In this multi-PI proposal we will investigate the role of epigenetic mechanisms in the development of asthma in children. Asthma affects 1 in 15 Americans -- over 23 million people -- thus making it one of the country's most common and also costly diseases. Among children, asthma is the third-ranking cause of all hospitalizations and the leading cause of school absenteeism. Current therapies do not cure asthma, prompting us to adopt ?out-of-box? approaches to find novel preventive therapies for asthma. Numerous genome-wide association studies (GWAS) have been instrumental in identifying common genetic variations that affect asthma susceptibility. By contrast, despite overwhelming evidence of the role of environmental exposures during fetal and early childhood in shaping disease outcomes, the systematic assessment of epigenetic variations has lagged behind. Here, we will conduct the first longitudinal epigenome-wide association study (EWAS) to identify epigenetic variations that are associated with asthma susceptibility in children. The proposal will capitalize on two unique recently established longitudinal birth cohorts in the United Kingdom. (i) The Immune Tolerance in Early Childhood (ITEC) is an observational cohort, which consists of 200 children at high risk of developing asthma. (ii) The Mite Allergen Prevention Study (MAPS, n=111) is a primary prevention randomized controlled trial in which house dust mite oral immunotherapy (OIT) was administered to 6-month-old infants at high risk of developing asthma. At 18 months, we found a significant reduction in allergic sensitization in the OIT group and a trend towards reduced onset of wheeze and eczema. We will test the hypothesis that asthma ? a chronic allergic disease -- is characterized by perturbations in these epigenetic processes in immune cells, that can be recognized and read out as long-range epigenetic changes at relevant disease-associated loci.

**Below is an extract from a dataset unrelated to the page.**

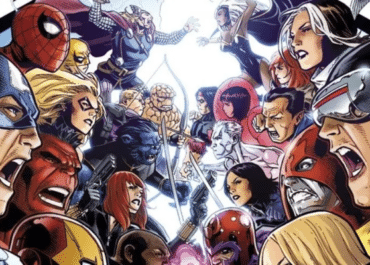Lucca Comics & Games 2023: è l’Avengers Mania!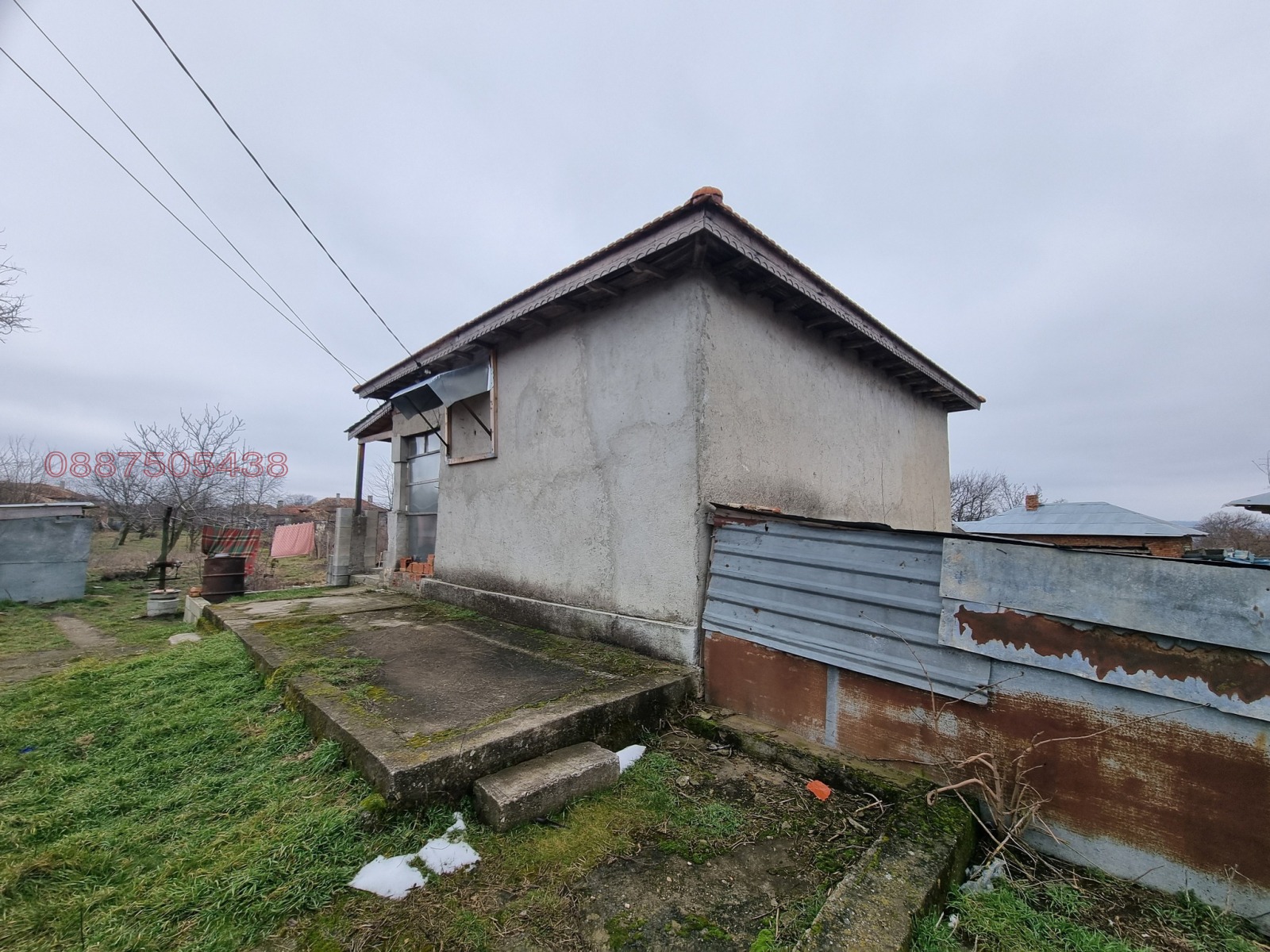 Продава КЪЩА, с. Безмер, област Добрич, снимка 2 - Къщи - 55852457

In Aim 1, we will identify `epigenetic variants' associated with the susceptibility to asthma in children (n=200, ITEC cohort). Then, we will validate our discovery set of `epigenetic variants' by performing a similar study in children from the MAPs cohorts (n=51, placebo arm); then, ask if asthma-risk `epigenetic variants', common to children in ITEC and MAPS cohort, are erased by preventive immunotherapy (n=53, treatment arm).
In Aim 2, we will define the target genes of asthma-risk associated `epigenetic variants' and verify if expression of target genes is affected by the presence or absence of `epigenetic variants'; These studies will allow us to predict sets of novel ?asthma-susceptibility genes? that are likely to have an important role in the development of CD4 T cell driving asthma pathogenesis. We will then test the function of these genes in primary human T cells using optimized micro-scaled immunological assays. Overall, our discovery-based EWAS and follow up functional studies will identify novel genes and pathways involved in the origins of asthma and could open ways to prevent or potentially cure asthma.
Asthma can be a devastating illness for the 23 million Americans affected by this disease. The emerging field of epigenetics, which aims to define how genes are turned on and off in cells, has already shown great promise in finding new therapies for many human diseases, especially cancer. We have already identified epigenetic markers that are associated with pathogenic T cells and development of asthma in adults. In this proposal, we will extend our approach to investigate the origins of asthma by studying children from birth till they develop asthma later in life. Our findings should directly benefit human asthma research by identifying novel asthma- related genes that may be targets for new preventive or therapeutic drugs.